Con questo gesto don Gianfranco ha voluto denunciare “il fanatismo laico”, pervicacemente rappresentato dagli pseudointellettuali italiani sopra citati. Il campanello d’allarme lanciato dal sacerdote è davvero interessante, ci sembra giusto sottolineare quanto il pregiudizio anticattolico sia ormai l’ultima forma di razzismo socialmente accettata, come dice il sociologo Philip Jenkins. Forse il luogo scelto, un presepe, non è propriamente idoneo: la questione andrebbe posta in termini culturali.

Margherita Hack, sempre molto garbata e femminile nei suoi interventi, ha reagito così: «non me ne frega nulla di questa iniziativa», peccato che abbia dimostrato proprio il contrario: contraddicendosi ha aggiunto infatti di sentirsi offesa perché la sua foto è stata accostata a quella di Hitler, il quale era «un pazzo feroce». Facciamo notare che l’astrofisica anticattolica ha evitato di citare -tra i pazzi feroci- anche Stalin e Mao, anch’essi presenti di fianco alla sua foto, e -come lei- orgogliosamente atei, nonché promotori dell’ateismo di stato (al contrario di Hitler). Permane dunque l’imbarazzo nei rimasugli comunisti, come lo sono la Hack, Augias e Odifreddi, a prendere posizione contro questi dittatori, atei e comunisti.
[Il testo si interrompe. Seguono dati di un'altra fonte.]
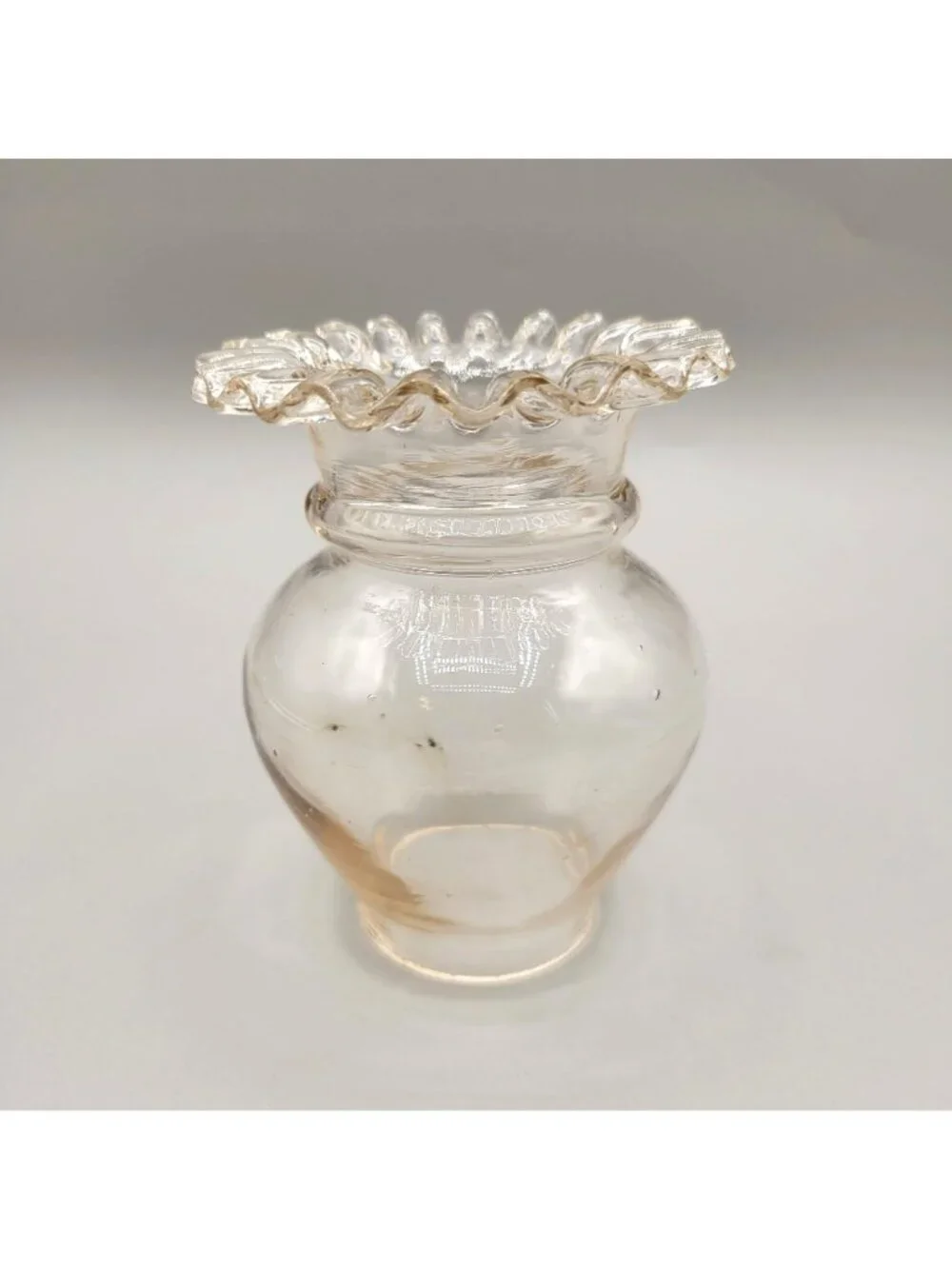 Peach Glass Lamp Shade Vintage Blown Glass Crimped Edge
Probabilmente con questo accostamento don Rolfi ha voluto segnalare una sorta di continuità tra il passato e il presente: mentre ieri chi voleva “schiacciare la chiesa” era un avversario fisico, come i dittatori citati, oggi l’avversione è un’ossessione che resta solo psicologica, ma comunque permane. «Sono uno storico, e ho insegnato per anni Storia della Chiesa», ha spiegato il sacerdote fiorentino, «dobbiamo prepararci  ad essere schiacciati, umiliati e offesi» da persone che «sono coloro che dominano la cultura, l’economia, la finanza». 

Quando l’opera sarà finita, ha aggiunto, verrà spiegato il senso ai fedeli. Intanto quelli di Repubblica, inviperiti, hanno già fatto partire la loro crociata contro il sacerdote, d’altraparte Mancuso è l’editorialista di questo quotidiano, come sono collaboratori fissi la Hack, Augias e Odifreddi. Soltanto per questo dobbiamo fare i complimenti a don Rolfi per aver lanciato questo giusto segnale d’avvertimento ai cattolici, anche se utilizzando a nostro avviso un luogo poco idoneo.